## SUPPLIED MATERIAL
[Start of Attachment]

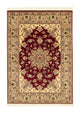 Täbriz - 50 Raj Teppich 100x150cm - Perserteppich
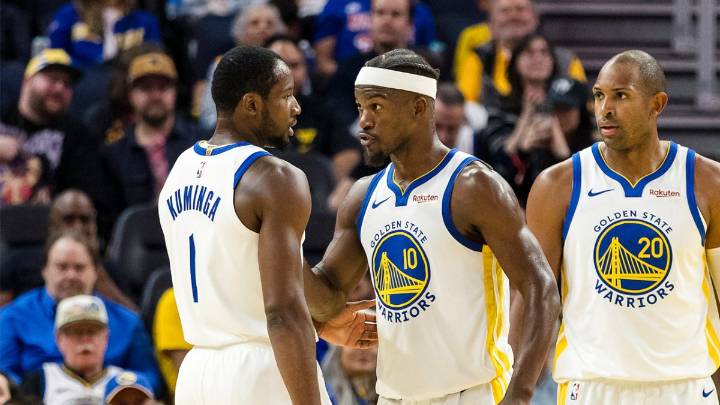 How Jimmy Butler hopes to help Jonathan Kuminga this season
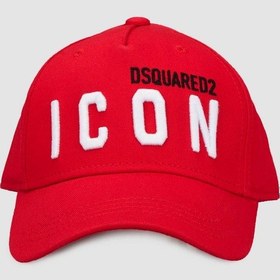 Resim Dsquared2 Çocuk Şapka Dq0270-d00ı8 Red Kırmızı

[End of Attachment]

## AIM OF THE EXERCISE
Write the listing out in full, exactly; no images.

## ANSWER TO THIS EXERCISE
 Täbriz - 50 Raj Teppich 100x150cm - Perserteppich
 How Jimmy Butler hopes to help Jonathan Kuminga this season
 Resim Dsquared2 Çocuk Şapka Dq0270-d00ı8 Red Kırmızı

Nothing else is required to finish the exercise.